April 9th. As I am leaving this School to-morrow for the Easter Holadays, I revert to this Dairy, which has not been written in for some months, owing to being a Senior now and carrying a heavy schedule.
My trunk has now gone, and I have but just returned from Chapel, where Miss Everett made a Speach, as the Head has quinzy. She raised a large Emblem that we have purchaced at fifty cents each, and said in a thrilling voice that our beloved Country was now at war, and expected each and all to do his duty.

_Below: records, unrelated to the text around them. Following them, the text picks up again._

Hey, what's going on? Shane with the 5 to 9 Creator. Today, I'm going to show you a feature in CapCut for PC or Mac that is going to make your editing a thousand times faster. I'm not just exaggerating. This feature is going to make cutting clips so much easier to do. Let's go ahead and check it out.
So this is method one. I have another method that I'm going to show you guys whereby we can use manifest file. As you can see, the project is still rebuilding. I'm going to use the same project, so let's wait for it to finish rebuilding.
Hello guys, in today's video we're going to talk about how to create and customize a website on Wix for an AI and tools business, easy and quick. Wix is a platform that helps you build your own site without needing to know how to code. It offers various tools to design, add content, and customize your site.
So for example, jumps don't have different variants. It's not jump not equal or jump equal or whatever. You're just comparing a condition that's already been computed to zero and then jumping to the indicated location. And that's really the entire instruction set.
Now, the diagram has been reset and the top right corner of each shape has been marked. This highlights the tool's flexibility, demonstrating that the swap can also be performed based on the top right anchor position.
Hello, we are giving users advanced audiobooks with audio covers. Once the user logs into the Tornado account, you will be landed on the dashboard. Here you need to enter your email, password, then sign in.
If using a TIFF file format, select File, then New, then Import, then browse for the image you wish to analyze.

“I shall not,” she said, “point out to any the Fields of their Usefulness. That they must determine for themselves. But I know that the Girls of this school will do what they find to do, and return to the school at the end of two weeks, school opening with evening Chapel as usual and no tardiness permitted, better off for the use they have made of this Precious Period.”
We then sang the Star-Spangled Banner, all standing and facing the piano, but watching to see if Fraulein sang, which she did. Because there are those who consider that she is a German Spy.

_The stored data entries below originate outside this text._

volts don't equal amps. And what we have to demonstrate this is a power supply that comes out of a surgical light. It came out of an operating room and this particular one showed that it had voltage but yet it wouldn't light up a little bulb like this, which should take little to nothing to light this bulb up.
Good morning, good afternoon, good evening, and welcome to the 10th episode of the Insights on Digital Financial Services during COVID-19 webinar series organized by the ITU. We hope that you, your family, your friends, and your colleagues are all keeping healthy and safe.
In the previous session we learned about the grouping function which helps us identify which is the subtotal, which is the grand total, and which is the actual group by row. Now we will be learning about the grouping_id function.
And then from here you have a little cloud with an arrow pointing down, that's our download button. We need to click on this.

I am now sitting in the Upper House, wondering what I can do. For I am like this and always have been. I am an American through and through, having been told that I look like a tipical American girl. And I do not beleive in allowing Patriotism to be a matter of words—words, emty words.
No. I am one who beleives in doing things, even though necesarily small. What if I can be but one of the little drops of Water or little grains of Sand? I am ready to rise like a lioness to my country’s call and would, if permitted and not considered imodest by my Familey, put on the clothing of the Other Sex and go into the trenches.
What can I do?
It is strange to be going home in this manner, thinking of Duty and not of boys and young men. Usualy when about to return to my Familey I think of Clothes and affairs de COUER, because at school there is nothing much of either except on Friday evenings. But now all is changed. All my friends of the Other Sex will have roused to the defense of their Country, and will be away.
And I to must do my part, or bit, as the English say.
But what? Oh what?
April 10th. I am writing this in the Train, which accounts for poor writing, etcetera. But I cannot wait for I now see a way to help my Country.